ABOUT THIS EXERCISE =
Write out the entries, please, from the line containing "2022 autumn and" through their final line, exactly and with nothing else.

Web page caption snippets:
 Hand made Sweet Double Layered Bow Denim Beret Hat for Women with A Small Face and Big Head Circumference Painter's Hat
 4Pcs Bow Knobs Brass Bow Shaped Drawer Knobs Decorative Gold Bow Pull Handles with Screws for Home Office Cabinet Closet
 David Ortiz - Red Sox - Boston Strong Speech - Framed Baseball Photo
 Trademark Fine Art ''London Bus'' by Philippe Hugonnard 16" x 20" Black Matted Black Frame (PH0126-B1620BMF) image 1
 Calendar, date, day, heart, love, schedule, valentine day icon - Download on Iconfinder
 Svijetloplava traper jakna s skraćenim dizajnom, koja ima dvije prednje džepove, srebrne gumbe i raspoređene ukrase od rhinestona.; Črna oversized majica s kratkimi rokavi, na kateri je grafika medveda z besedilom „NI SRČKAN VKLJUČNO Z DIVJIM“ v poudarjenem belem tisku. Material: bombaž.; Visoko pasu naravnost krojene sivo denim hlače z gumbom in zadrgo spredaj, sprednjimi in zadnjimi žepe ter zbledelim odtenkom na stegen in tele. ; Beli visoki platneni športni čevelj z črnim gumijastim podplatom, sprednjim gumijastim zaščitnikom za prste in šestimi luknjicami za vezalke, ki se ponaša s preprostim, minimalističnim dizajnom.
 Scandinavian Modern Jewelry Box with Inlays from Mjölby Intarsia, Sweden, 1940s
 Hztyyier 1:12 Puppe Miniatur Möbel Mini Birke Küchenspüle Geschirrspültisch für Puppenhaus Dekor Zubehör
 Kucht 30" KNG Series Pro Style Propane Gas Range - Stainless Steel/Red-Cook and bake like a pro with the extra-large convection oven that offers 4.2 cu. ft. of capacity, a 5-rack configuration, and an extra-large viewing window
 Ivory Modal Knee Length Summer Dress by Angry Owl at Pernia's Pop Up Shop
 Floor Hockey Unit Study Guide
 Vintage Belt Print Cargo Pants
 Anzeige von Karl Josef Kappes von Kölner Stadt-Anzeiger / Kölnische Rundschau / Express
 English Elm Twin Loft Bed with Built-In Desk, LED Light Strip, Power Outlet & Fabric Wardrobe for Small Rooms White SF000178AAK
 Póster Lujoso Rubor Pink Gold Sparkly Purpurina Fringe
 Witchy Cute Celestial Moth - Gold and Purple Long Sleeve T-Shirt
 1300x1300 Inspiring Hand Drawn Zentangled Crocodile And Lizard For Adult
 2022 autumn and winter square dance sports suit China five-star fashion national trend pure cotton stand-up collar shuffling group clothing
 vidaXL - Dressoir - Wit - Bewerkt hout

THE ANSWER =
 2022 autumn and winter square dance sports suit China five-star fashion national trend pure cotton stand-up collar shuffling group clothing
 vidaXL - Dressoir - Wit - Bewerkt hout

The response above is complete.